Reputation: 2225
I'm writing different sort functions, which take two iterators and sort sequence. I would like to implement them for any kind of vector and make them typesafe, like this:
template <typename T>
void itsort(std::vector<T>::iterator begin, std::vector<T>::iterator end)
{
// code
}
But due to errors I'm only able to implement something type-unsafe:
template <typename T>
void itsort(T begin, T end)
{
// code
}
How to implement type-safe template function, which takes two vector iterators?
PS: Currently there is no need in comparator, all sorts work with different types of numbers.
Upvotes: 0
Views: 249
Reputation: 1833
It is possible to constraint the function with the std::enable_if
type trait, which defines a valid type
only if the specified type is a std::vector
container iterator.
At this point, it is necessary to implement a dedicated type trait (is_vector_iterator
) that allows to achieve this goal.
Example:
template <typename InIter, typename = typename std::enable_if<is_vector_iterator<InIter>::value>::type>
void itsort(InIter, InIter);
The basic idea is to create a helper type trait that accepts two different types as template parameters. It is partial-specialized for the case in which the second argument is the same as std::vector <U>::iterator
, where the type U
is the value_type
of the iterator. Thus, the helper is specialized for only the type T
. If the above type is not a std::vector
container iterator, the first class is selected; otherwise, the second one is selected.
Example:
namespace detail {
template <typename, typename>
struct is_vector_iterator
: std::false_type {};
template <typename T>
struct is_vector_iterator<T, typename std::vector<typename std::iterator_traits<T>::value_type>::iterator>
: std::true_type {};
}
template <typename T>
struct is_vector_iterator
: detail::is_vector_iterator<T, T> {};
Upvotes: 0
Reputation: 177
seems you are looking for something like this:
#include <iostream>
#include <vector>
#include <list>
#include <iterator>
template< typename T >
void itsort(T, T, std::bidirectional_iterator_tag)
{
std::cout << "itsort called for bidirectional iterator\n";
}
template <typename T>
void itsort(T, T, std::random_access_iterator_tag)
{
std::cout << "itsort called for random-access iterator\n";
}
template< typename T >
void alg(T first, T last)
{
itsort(first, last, typename std::iterator_traits<T>::iterator_category());
}
int main()
{
std::vector<int> v;
alg(v.begin(), v.end());
std::list<int> l;
alg(l.begin(), l.end());
}
Upvotes: 1
Reputation: 275896
Determining if something is an iterator of a vector is hard, and mostly pointless.
The type of vector iterators are extremely free under the standard. They can even be naked pointers in some implementations.
What more, the type of the vector that produces the iterator might not be deducible from the iterator. As an example, a std::vector<int, some_allocator>::iterator
might be a different, or the same type, as a std::vector<int>::iterator
. They could both be int*
, or they could be some class wrapped around a pointer. They could be the same type, or different types. (The technique of using the same type for different container types is called SCARY iterators if you want to find discussion about it).

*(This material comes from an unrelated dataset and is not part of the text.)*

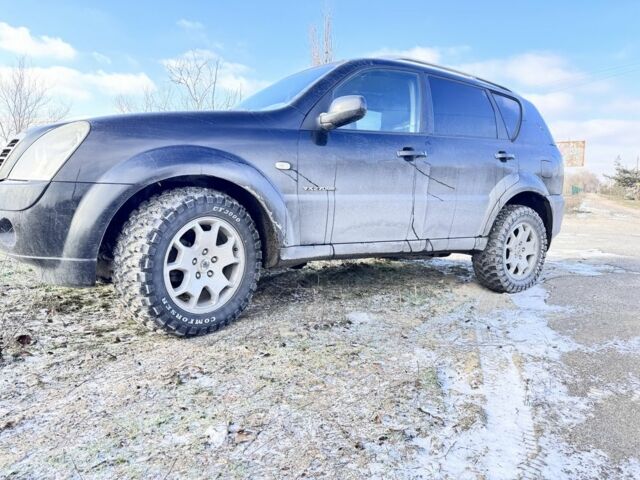 Чорний Cанг Йонг Rexton, об'ємом двигуна 2.7 л та пробігом 303 тис. км за 4500 $, фото 1 на Automoto.ua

In general, you cannot determine if a given iterator is a vector iterator.
You can write code that will fail if the given iterator is not a random-access iterator, and deduce the type T
. First, a bit of boilerplate to make the access to iterator_traits
a bit less verbose:
namespace iterators {
template<class It>
using iterator_category =
typename std::iterator_traits<It>::iterator_category;
template<class It>
using value_type =
typename std::iterator_traits<It>::value_type;
}
now we do this:
template<class It>
void itsort(It begin, It end)
{
using T = iterator::value_type<It>;
using category = iterator::iterator_category<It>;
static_assert(
std::is_base_of<std::random_access_iterator_tag, category>::value, "This function only supports random-access iterators"
);
}
this "fails late", in that the error does not occur at the time of overload resolution (SFINAE), but it does check your types for you.
You also have access to the underlying value type of your iterators.
Doing this in a SFINAE friendly way is difficult, because iterator_traits
is not mandated to be SFINAE friendly, and iterator_traits
is the mandated way to determine the traits of an iterator. As a concrete example, void*
often matches the empty iterator_traits
for pointers, but then it fails because it isn't an iterator.